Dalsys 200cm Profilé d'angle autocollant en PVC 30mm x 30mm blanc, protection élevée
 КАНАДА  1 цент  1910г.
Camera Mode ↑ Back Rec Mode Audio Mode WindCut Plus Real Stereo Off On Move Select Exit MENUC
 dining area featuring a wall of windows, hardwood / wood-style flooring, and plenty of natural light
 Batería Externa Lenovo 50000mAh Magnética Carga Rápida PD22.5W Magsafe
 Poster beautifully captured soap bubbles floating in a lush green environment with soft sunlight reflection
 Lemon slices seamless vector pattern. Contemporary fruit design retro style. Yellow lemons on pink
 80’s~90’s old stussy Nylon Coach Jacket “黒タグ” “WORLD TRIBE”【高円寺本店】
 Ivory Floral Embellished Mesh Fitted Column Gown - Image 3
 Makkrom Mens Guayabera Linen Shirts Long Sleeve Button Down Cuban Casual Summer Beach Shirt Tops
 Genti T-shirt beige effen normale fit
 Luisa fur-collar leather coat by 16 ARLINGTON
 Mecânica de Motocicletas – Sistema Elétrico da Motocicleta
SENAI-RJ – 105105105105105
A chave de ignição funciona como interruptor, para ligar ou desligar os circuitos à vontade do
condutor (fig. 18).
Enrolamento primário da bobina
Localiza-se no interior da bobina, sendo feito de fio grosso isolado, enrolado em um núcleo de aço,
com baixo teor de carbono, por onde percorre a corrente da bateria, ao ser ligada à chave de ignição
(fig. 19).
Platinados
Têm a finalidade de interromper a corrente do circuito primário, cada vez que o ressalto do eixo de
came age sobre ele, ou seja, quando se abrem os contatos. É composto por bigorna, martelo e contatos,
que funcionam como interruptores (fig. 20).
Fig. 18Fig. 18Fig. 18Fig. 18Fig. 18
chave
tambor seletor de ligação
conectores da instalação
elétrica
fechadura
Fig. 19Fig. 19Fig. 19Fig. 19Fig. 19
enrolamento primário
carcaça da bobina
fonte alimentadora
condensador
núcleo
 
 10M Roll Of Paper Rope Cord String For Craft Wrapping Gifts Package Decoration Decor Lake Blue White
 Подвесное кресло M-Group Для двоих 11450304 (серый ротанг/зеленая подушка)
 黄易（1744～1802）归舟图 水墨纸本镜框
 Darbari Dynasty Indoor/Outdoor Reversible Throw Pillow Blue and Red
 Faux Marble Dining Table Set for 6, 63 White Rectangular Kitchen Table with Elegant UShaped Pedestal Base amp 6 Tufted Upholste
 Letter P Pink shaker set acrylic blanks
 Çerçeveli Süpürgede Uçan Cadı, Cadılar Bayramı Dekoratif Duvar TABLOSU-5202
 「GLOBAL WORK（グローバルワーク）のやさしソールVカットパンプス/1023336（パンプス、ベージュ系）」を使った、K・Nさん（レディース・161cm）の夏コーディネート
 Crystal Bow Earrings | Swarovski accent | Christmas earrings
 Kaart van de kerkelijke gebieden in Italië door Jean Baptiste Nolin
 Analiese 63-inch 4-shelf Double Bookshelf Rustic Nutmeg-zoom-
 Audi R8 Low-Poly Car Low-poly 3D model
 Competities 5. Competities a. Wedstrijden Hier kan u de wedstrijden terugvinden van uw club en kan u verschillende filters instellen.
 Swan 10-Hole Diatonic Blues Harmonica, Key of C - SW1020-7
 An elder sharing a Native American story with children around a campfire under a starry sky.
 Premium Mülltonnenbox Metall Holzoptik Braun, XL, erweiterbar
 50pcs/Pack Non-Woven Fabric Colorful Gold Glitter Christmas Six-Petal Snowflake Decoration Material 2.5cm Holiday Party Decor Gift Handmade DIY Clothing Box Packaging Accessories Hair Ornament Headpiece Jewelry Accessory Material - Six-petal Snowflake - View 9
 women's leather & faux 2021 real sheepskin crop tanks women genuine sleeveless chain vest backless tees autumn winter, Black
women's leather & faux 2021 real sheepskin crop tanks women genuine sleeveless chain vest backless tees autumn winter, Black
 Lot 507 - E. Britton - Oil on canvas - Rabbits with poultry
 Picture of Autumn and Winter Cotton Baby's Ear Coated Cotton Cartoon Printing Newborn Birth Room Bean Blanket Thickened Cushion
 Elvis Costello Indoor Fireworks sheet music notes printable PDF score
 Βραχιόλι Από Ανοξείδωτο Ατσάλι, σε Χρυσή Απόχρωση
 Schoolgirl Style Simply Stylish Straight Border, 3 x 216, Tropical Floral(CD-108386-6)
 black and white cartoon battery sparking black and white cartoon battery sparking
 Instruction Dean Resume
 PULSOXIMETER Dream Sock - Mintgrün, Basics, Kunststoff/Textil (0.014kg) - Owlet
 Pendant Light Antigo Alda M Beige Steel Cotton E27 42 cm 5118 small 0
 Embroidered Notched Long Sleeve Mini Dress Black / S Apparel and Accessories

EXERCISE » Your job is to return all lines above that hold the word "Accessories".

EXERCISE OUTPUT »
 50pcs/Pack Non-Woven Fabric Colorful Gold Glitter Christmas Six-Petal Snowflake Decoration Material 2.5cm Holiday Party Decor Gift Handmade DIY Clothing Box Packaging Accessories Hair Ornament Headpiece Jewelry Accessory Material - Six-petal Snowflake - View 9
 Embroidered Notched Long Sleeve Mini Dress Black / S Apparel and Accessories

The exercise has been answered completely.